ABC's 2009-10 Modern Family and Similarity to a 1979 Albert Brooks Comedy

30 Years Ago, Brooks Created "Real Life" that Satirized PBS' "An American Family"

Greg Brian
While perhaps the reality show is slowly becoming passé on network TV (and seemingly gravitating more to cable), we may start getting fictional shows about reality shows as an ironical twist. Yes, some people will easily quip that reality shows were already fiction from the start or at least half truth. But while reality is consistently stranger than fiction, actually employing writers to depict what goes on within the midst of those reality shows could be somewhere close to being a winning formula. ABC is going to give it a try during the 2009-2010 season with a promising new show called "Modern Family" that will depict a documentarian following three disparate families in the 21st century.

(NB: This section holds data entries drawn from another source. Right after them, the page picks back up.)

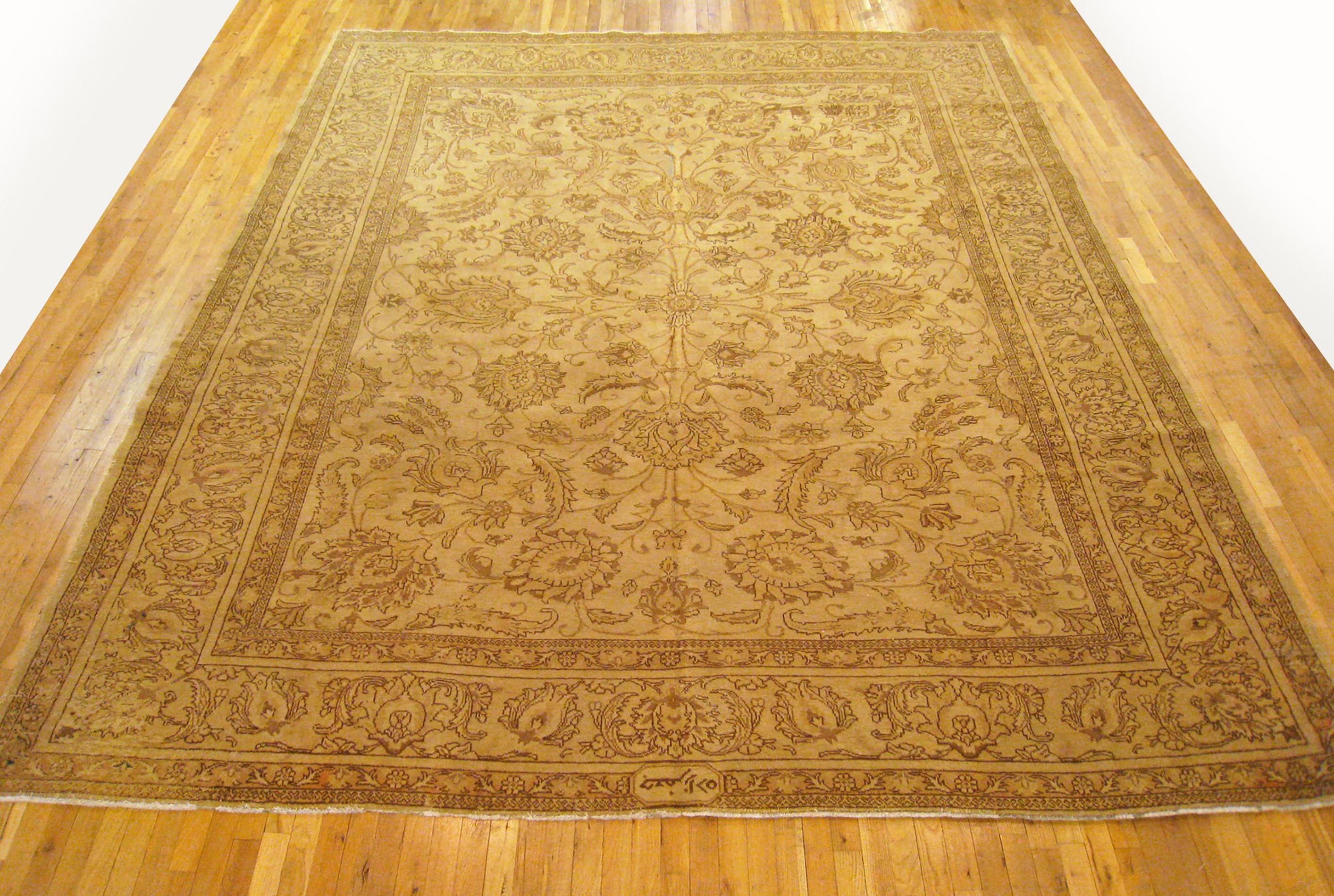 Vintage Perisan Tabriz oriental carpet, circa 1940, room sized.

Tapis oriental vintage Perse Tabriz, vers 1940. Taille : 13'0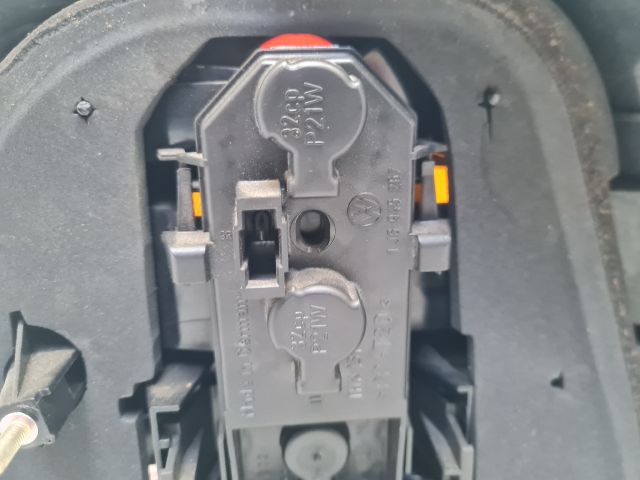 bontott VW GOLF IV Bal Hátsó Lámpa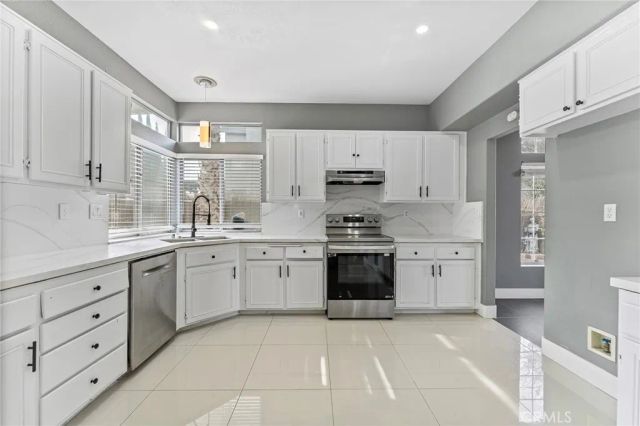 12425 Durango, Victorville, CA 92392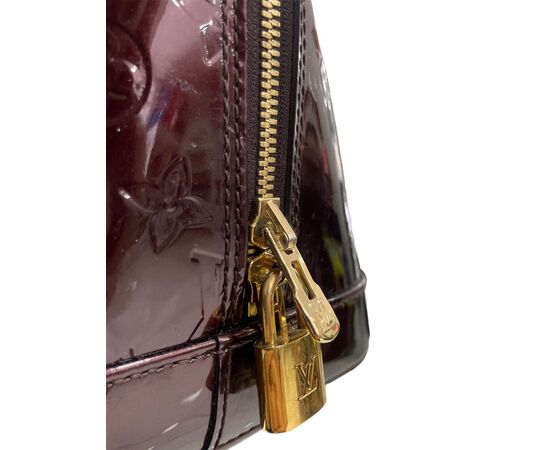 Louis Vuitton Alma GM Vernice Amaranto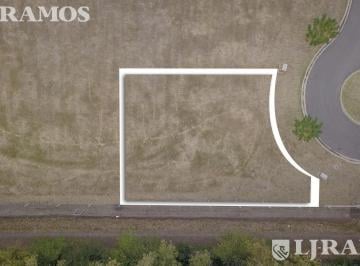 Terreno · 505m² · Construí Tu Casa en Barrio Privado Santo Tomás, Pilar. Excelente Ubicación.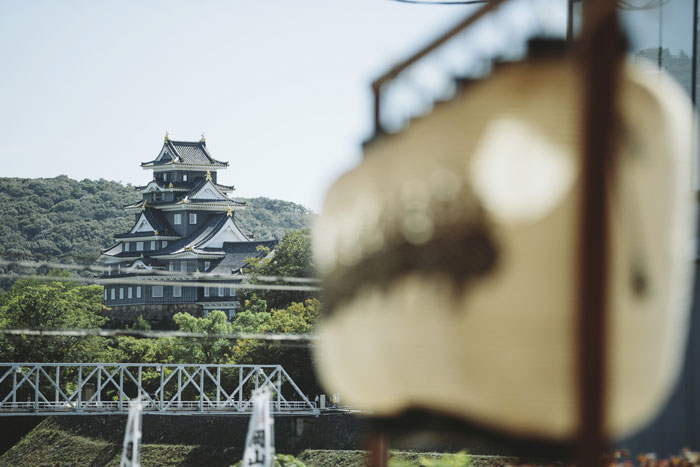 拝殿から望む岡山城の写真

Possible hit-worthiness and originality aside, a similar concept was done exactly 30 years ago by the underappreciated comedian/director Albert Brooks.

In 1979, a movie about a documentary filmmaker trying to create an important documentary about the American family was generally considered to be mostly irrelevant for the time period. When Brooks decided to make his debut feature film ("Real Life") with a plot like this, it's a wonder he was allowed to make any more films after it. Well, we all know he did, yet "Real Life" only did modest box office for the obvious reason that it was far ahead of its time.

Of course, "Real Life" was really being made as a satire on the classic 1973 PBS series "An American Family" that's now considered the first reality TV show ever done. What people missed, however, was Brooks' brilliant look into the future of reality TV and providing prescience in how directors and producers could potentially manipulate situations in a documentary. It's too bad that he didn't make "Real Life" as a look into a future TV show (as say 1976's forward-looking "Network" might have done) outside of nobody being that prescient then to how TV would turn out. In those days, the documentary seen in a movie house was really where filmed reality was and was presumed to stay.

It was Brooks himself who cast himself under his real name as the director who starts out wanting to document a family in Phoenix, Arizona for the sake of showing the truths of an average American family in the 70's. Once reality becomes too boring for Brooks, art takes top priority over anything and he starts giving suggestions to the family to make the documentary more interesting. When things start going awry in the process, Brooks grows manic and starts taking his ideas further and further before completely losing his sanity by the end. If you've ever seen the ending of "Real Life", you'd know how disturbing it was while deftly managing to meet tragedy with comedy.

This ending turned off a lot of people who perhaps, up until then, were hopping aboard the cerebral comedy train Brooks always conjured in all his films. Even today, when we see everything Brooks predicted in "Real Life" coming true, the film still doesn't receive enough recognition. That makes it inevitable then that network execs would take a similar idea and make it into a new TV show.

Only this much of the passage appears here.